- [Work required]:
Work through the listing below and give again exactly the lines from the one with "2022 Jeep Compass" to the one with "Undergrowth (ALL-102A)", both ends included. All other lines and all pictures stay out.

Entries provided below:

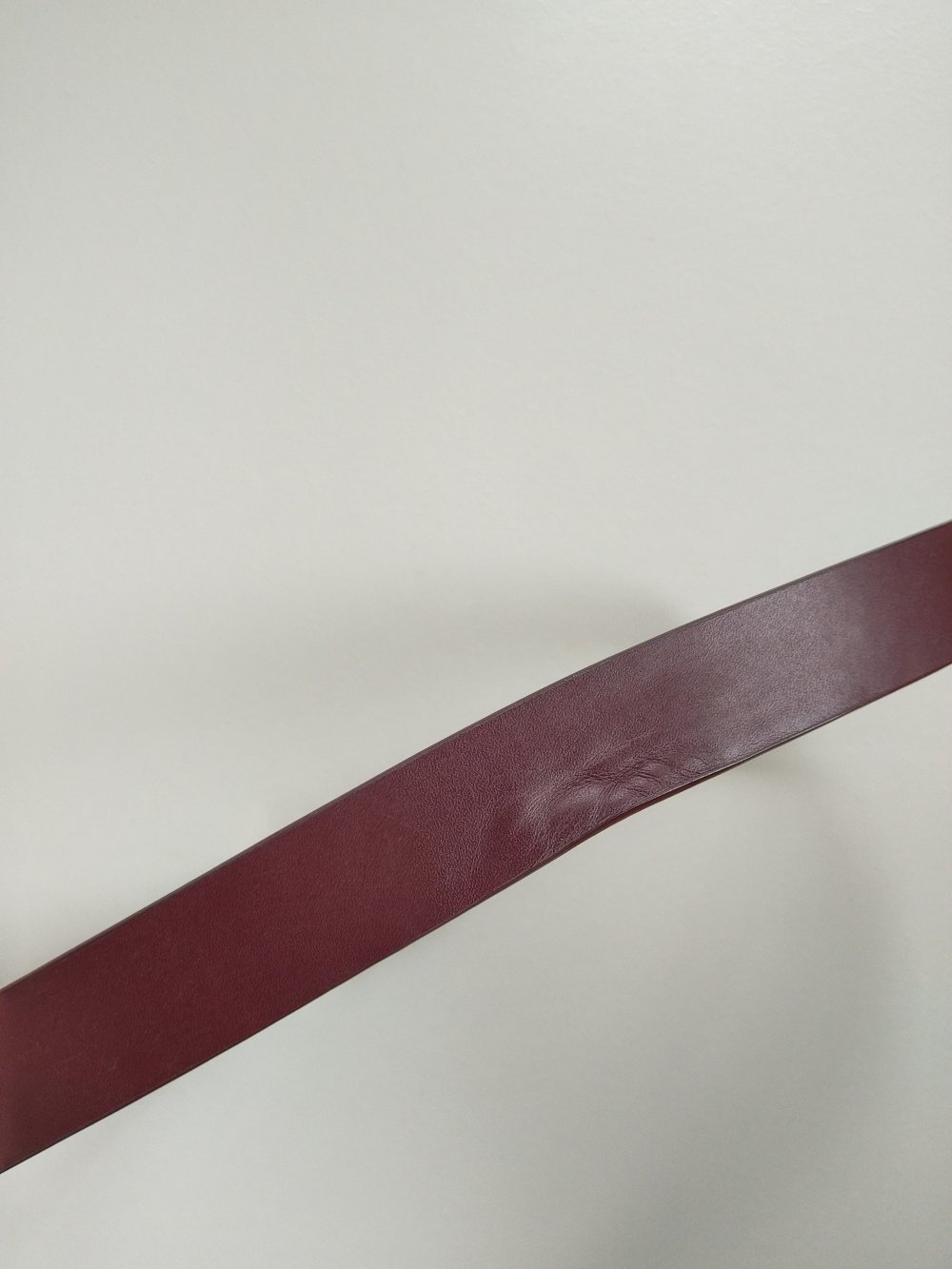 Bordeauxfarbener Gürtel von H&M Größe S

End of Entries provided.
Entries provided below:

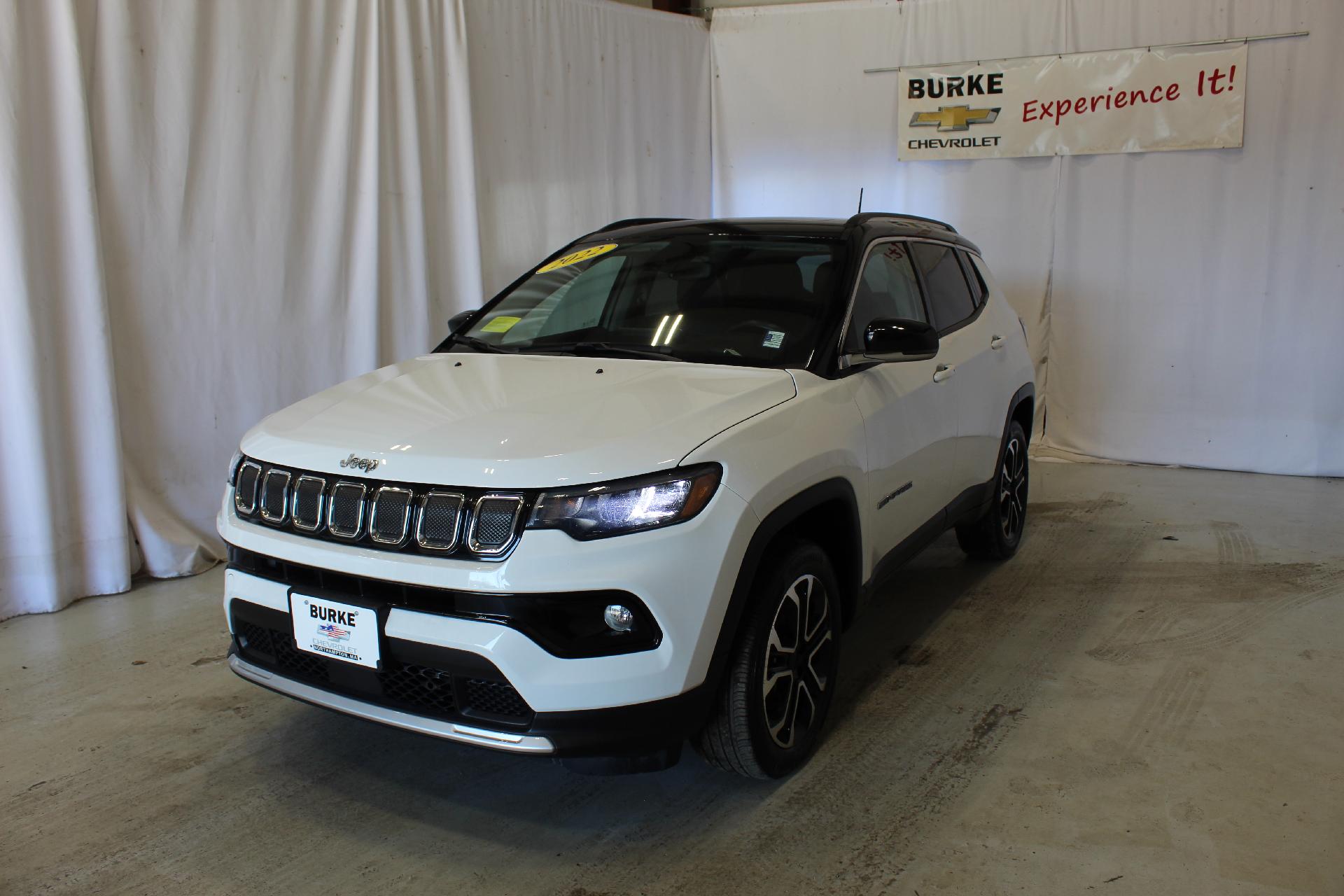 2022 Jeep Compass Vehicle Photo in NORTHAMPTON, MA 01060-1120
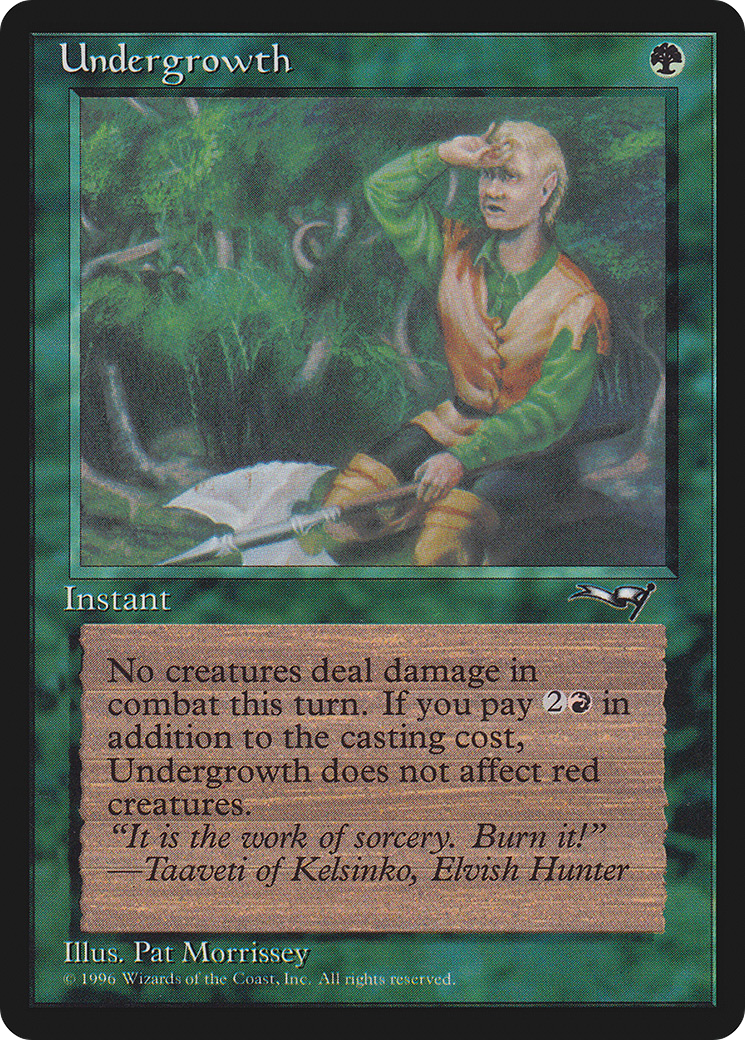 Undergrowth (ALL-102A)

End of Entries provided.
Entries provided below:

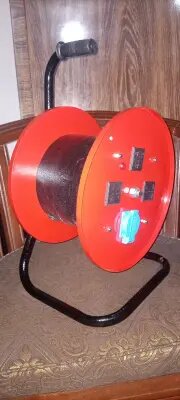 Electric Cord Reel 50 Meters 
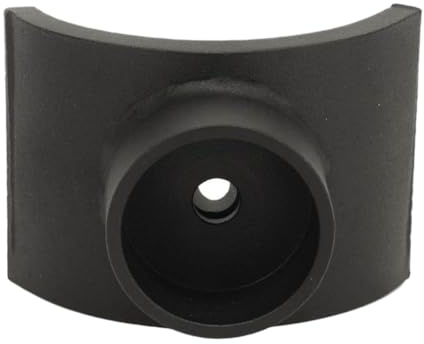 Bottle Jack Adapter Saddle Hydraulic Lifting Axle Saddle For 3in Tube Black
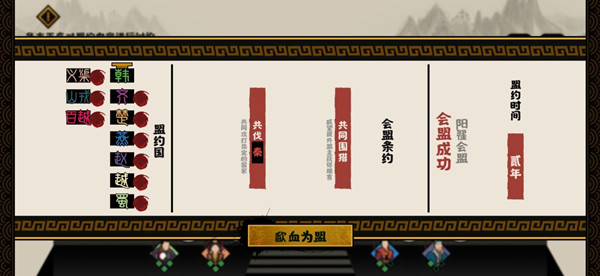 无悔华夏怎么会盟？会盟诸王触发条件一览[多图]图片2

End of Entries provided.

- [Answer space]:
 2022 Jeep Compass Vehicle Photo in NORTHAMPTON, MA 01060-1120
 Undergrowth (ALL-102A)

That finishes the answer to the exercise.